The second way is to describe how "a group freely generated by two elements" should behave; this is called its universal property. It says that "a group freely generated by two elements" consists of a group $F$, along with two elements $x,y \in F$, such that the following property holds.

For any group $G$, and for any two elements $g_x, g_y \in G$, there exists a unique group homomorphism $f : F \rightarrow G$ such that $f(x) = g_x$ and $f(y) = g_y$.

We can show that any two groups which satisfy this property must be isomorphic, so in that sense, this property "completely determines" a "group freely generated by two elements". From this perspective, this justifies us saying "the" group freely generated by two elements, because even if it's not a particular group (note that there is no reference to the group $F_2$ we constructed above), it's unique up to isomorphism.

Now, the free group $F_2$ we constructed above does satisfy this universal property, and we can use this universal property to prove other things about $F_2$. However, the fact that the universal property determines the group up to isomorphism means that this property is all we need to prove anything about $F_2$. You can think about the construction if you want, but when sitting down to do any proofs, all you will ever need is the universal property.
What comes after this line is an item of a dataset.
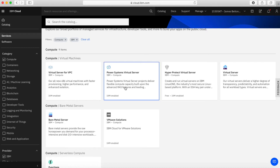Next up, we have Power Systems Virtual Server — there'll be a video on this later in the series. Basically, if you want to run things on IBM AIX, a Unix operating system, or IBM i, then you can do that in the cloud. You can bring those workloads into the cloud using Power Systems Virtual Server. You create a Power Systems Virtual Server environment and then create your AIX or IBM i machines in that environment. You can also run some Power Linux servers on that as well.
You can forget about the explicit construction completely.

Now, to answer one of your questions. You ask

[...] isn't this potentially problematic, as not giving an explicit construction may raise the question of whether anything that fits this "skeleton" even exists at all [...]?

Yes, you are correct: just because we can formulate a universal property doesn't mean that something exists that satisfies it. However, once we have constructed an example of it (like we did with $F_2$), then we can forget about the construction and just use the universal property.

More broadly

I don't know anything about Clifford algebras, but I see on the Wikipedia page a subsection titled universal property and construction. The same rules apply here: there's a universal property, and once we've been able to construct a particular example that satisfies it, we can forget about the construction and just focus on using the universal property. The same is true for the tensor product of vector spaces.

This concept comes up a lot in other places too. We can think of the completion of a metric space $X$ as the complete metric space generated by $X$. We can talk about the category freely generated by a graph. My current research involves considering the free arithmetic universe generated from the empty set. I really believe that using universal properties is the best way to think about it all.

If you're interested in learning more about universal properties, and how they're related to other category theory concepts like limits and adjoint functors, I highly recommend the book Basic Category Theory by Tom Leinster. The book is very accessible, even if you haven't done any category theory before, and he has made it freely accessible on arXiv.